Wildlife photographer David Yarrow is already using the system. Prints of Yarrow’s Mankind, taken in South Sudan, start at £10,000, and last year a large framed print sold at Sotheby’s for £60,000 ($78,000). Panoramic Images, an online marketplace for photographs for commercial use, and Pixelrights, “a thriving community of photographers from all skill levels and disciplines” are also using SmartFrames.

In fact, Pixelrights – co-founded by Shaun Curry and Patrick Krupa in 2013 – developed the original system. It obviously had the potential to be used more widely, and the company raised a £1 million investment to pursue that goal.

Ultimately this has resulted in two separate companies, with each inheriting one of the original co-founders.

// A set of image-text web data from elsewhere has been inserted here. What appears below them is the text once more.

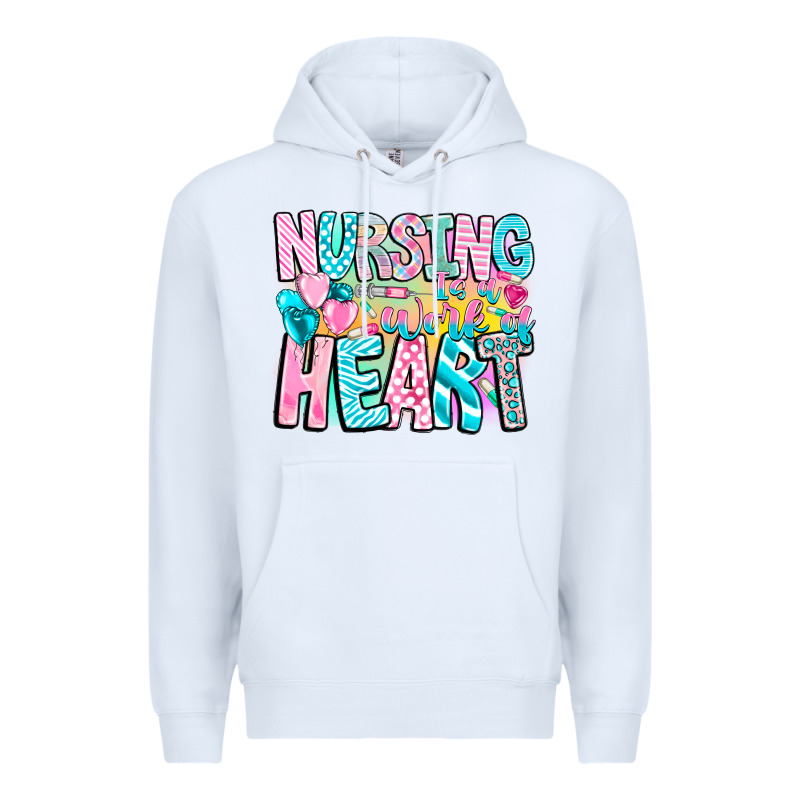 Nursing Is A Work Of Heart Premium Hoodie by CowhideDigitalArt | Teevron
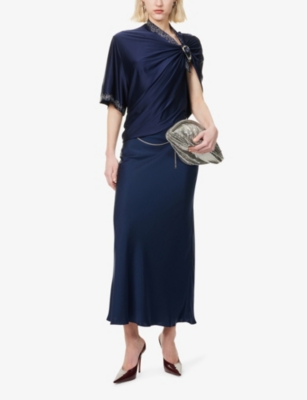 Rabanne Womens Buckle-embellished Shawl Satin Top Deep Navy In Deep Navy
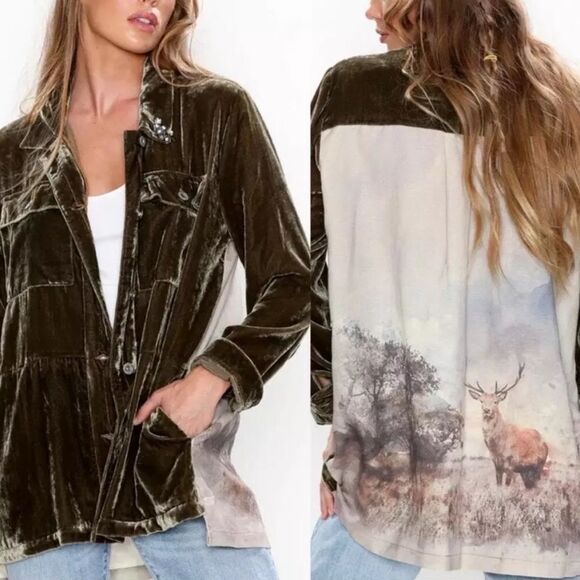 Aratta Silent Journey Fall ShadowShirt Green Crushed Velvet Elk Oversized Sz XL - Picture 1 of 16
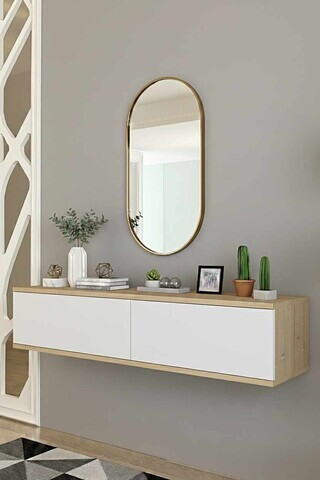 Dulap, Hanah Home, Didema, 120x25.5x30 cm, Stejar Safir / Alb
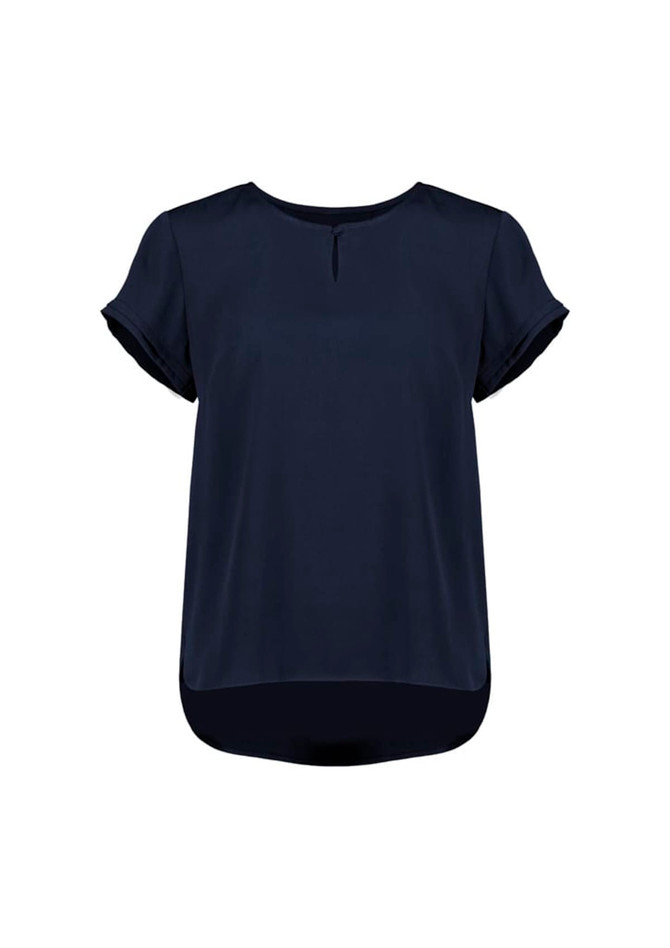 A navy blue women's short sleeve blouse with a round neckline and rolled sleeves, featuring a slightly longer back.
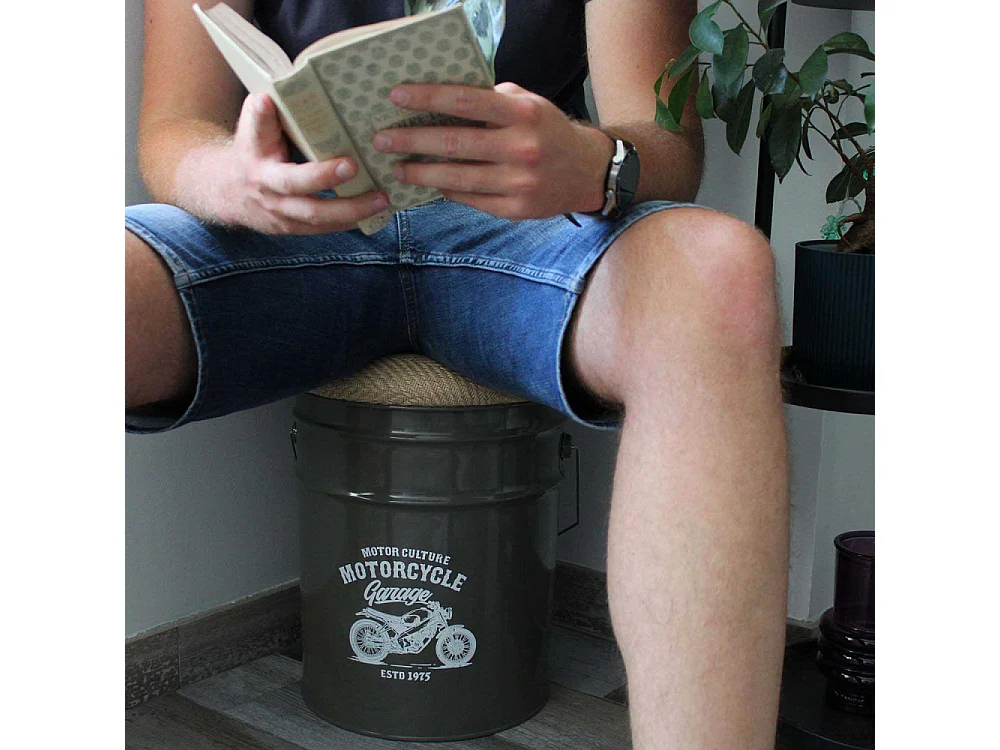 Pouf seau à pellets en métal Motorcycle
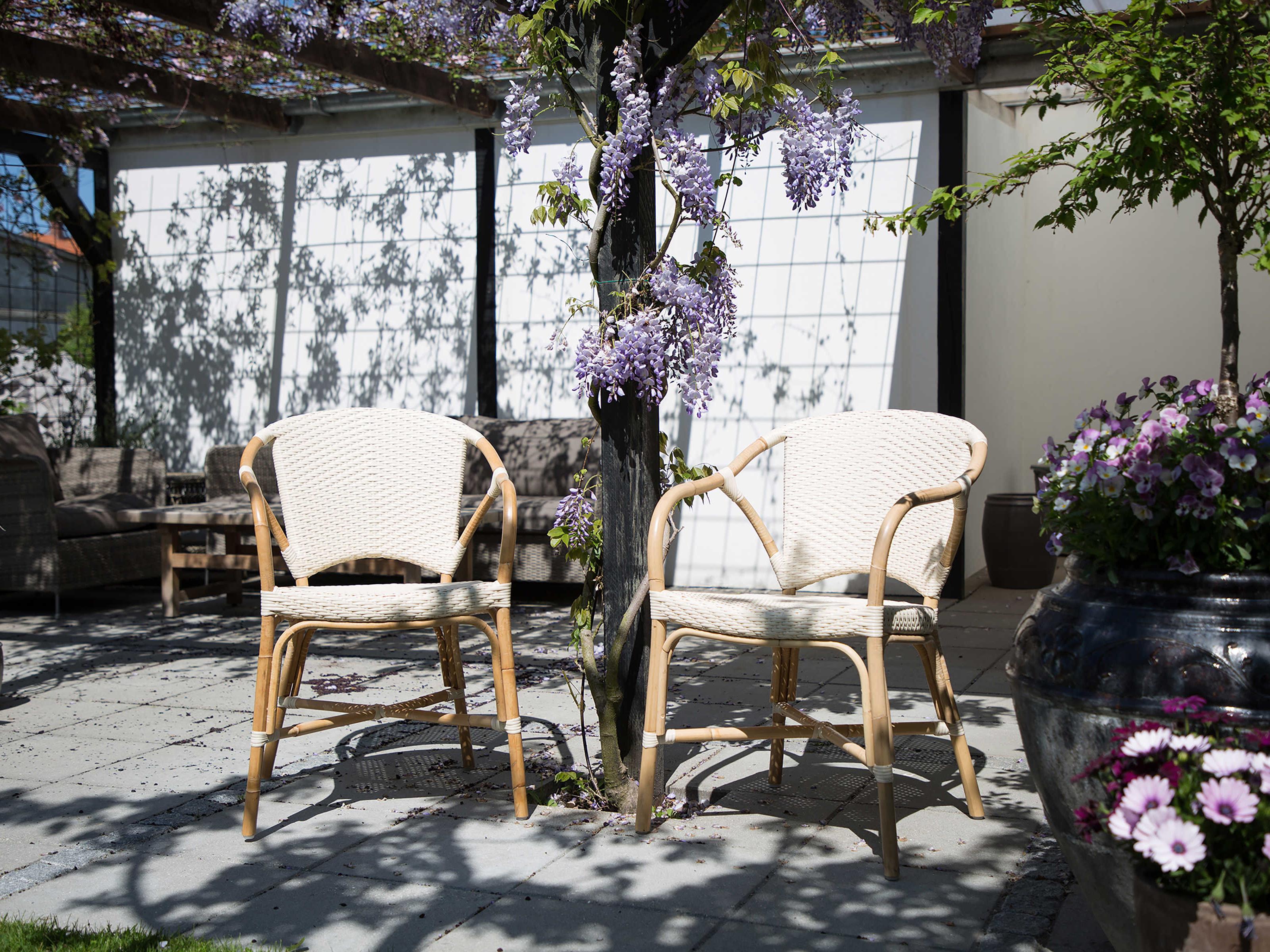 Sika Indoor Affaire Valerie Bistro Rattan Natural Arm Dining Chair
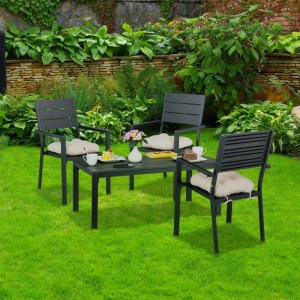 Schwarzer Relaxdays Gartentisch aus Stahl/Kunststoff, rechteckig, Holzoptik. Wetterfest für Garten, Balkon, Terrasse.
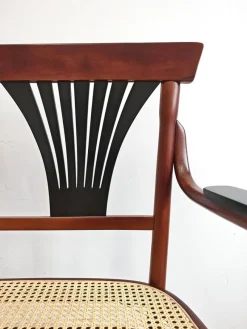 Pamono Art Nouveau Bench in Bentwood with Cane Seat, Austria, 1890s><noscript><img width=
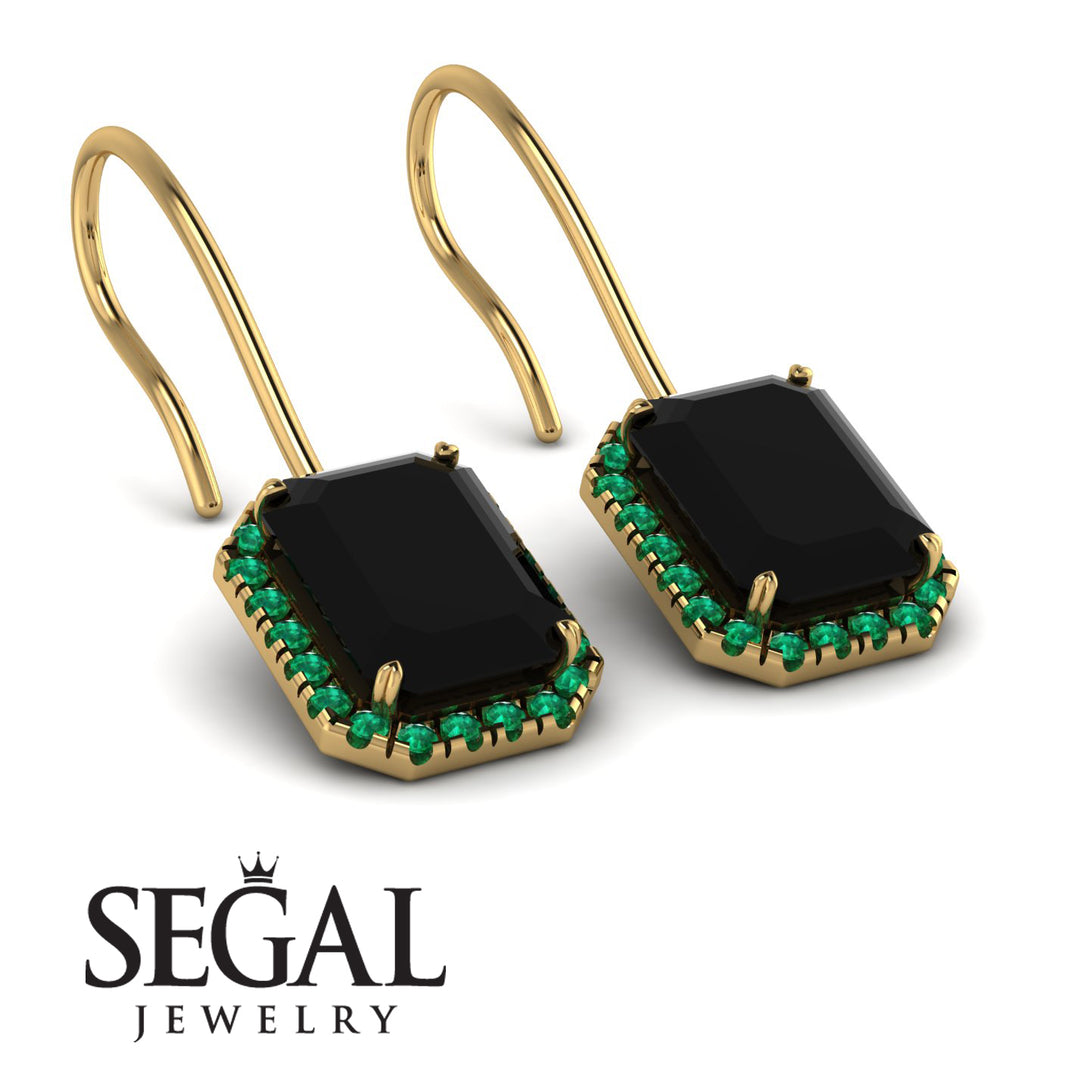 Halo Emerald Cut Black Diamond Earrings - Izabella No. 22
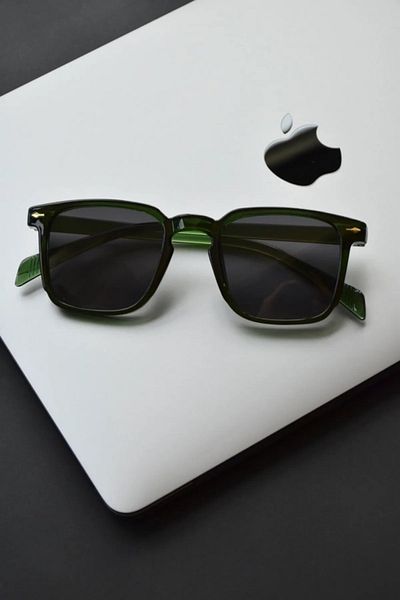 LOOKUP Unisex Matte Dark Green Minimal Vintage Retro Bone Sunglasses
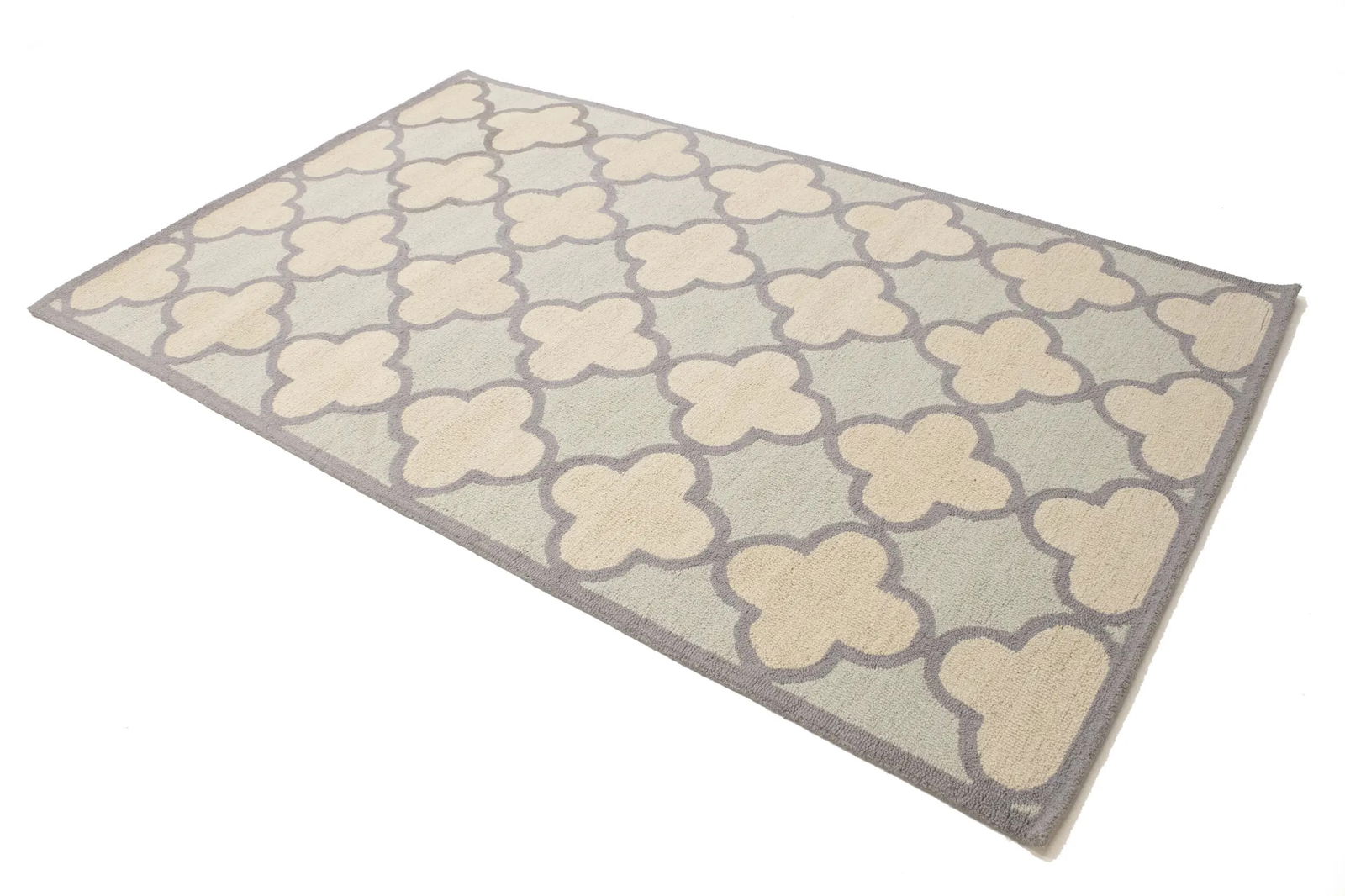 Cream & Mauve Trellis 5X8 Hand-Tufted Modern Rug - 4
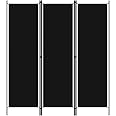vidaXL 3-Panel Room Divider Folding Panel Screen Movable Partition Privacy Separator Wall Furniture Indoor Bedroom Office Black 150x180 cm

SmartFrame Technologies Ltd registered at Companies House in February this year, with Krupa on the board of directors, listing Pixelrights Ltd under “previous company names”. Pixelrights Ltd, with Curry on the board of directors, operates the Pixelrights website.

While the idea of replacing jpegs is a simple attention-grabber, SmartFrame’s system is a lot more complicated than posting a smartphone snapshot to Facebook, Instagram or Snapchat. There are several parts to the system.

To start with, SmartFrame images are encrypted, and can only be rendered by the SF viewer component on demand, not by any software on the user’s PC or other device.

Images are served from Amazon AWS and displayed using <canvas> in the browser, so they’re invisible to image search engines. However, tailored thumbnails can be included for search engines use, and for sharing on social networks.

SmartFrame images are interactive. For example, you can have text or a logo appear after five seconds of viewing, and provide buttons to share images or go straight to a shop to buy something. The SF Showcase provides a selection of interface themes and overlays so that image presentations can be customized without any JavaScript programming. However, you don’t have to customize every image: you can set up Profiles that apply interactions, watermarks and any “deterrent messages” desired. (For example, if someone right-clicks an image, there’s the option to show a message that says images cannot be saved.)

In the background, SmartFrame’s SF Tracker records how images are consumed, counts any clicks, and tracks shares. It can also block undesirable websites.

The SF Control Suite prevents hot-linking and website cloning, among other things. Embedded images can be updated or revoked retrospectively.

SF Monetizer can activate banner ads or logos (with the possibility of sponsorship revenues). “Action buttons” can provide options such as “Shop” or “Buy Now”.

In the future, image providers will be able to select “hot spots” that, SmartFrame says, “can be linked directly to expanded content, webpages, videos or e-commerce stores”.

Images are managed via the SF Dashboard.

For example, a fashion photograph could have half a dozen hot-spots that provide information about items of clothing and accessories, and perhaps the opportunity to buy them.

SmartFrame says it has worked with the Digital Media Licensing Association (DMLA), Sodatech (a leading supplier of digital asset management and e-commerce platforms for photo agencies and publishers) and Digimarc (which does digital watermarking and brand protection, among other things.

Photo agencies, photographers, advertisers, publishers and other large companies are currently trying to control the use of their images in all sorts of different ways. SmartFrame is developing an off-the-shelf system that can be used without requiring advanced technical knowledge or programming skills.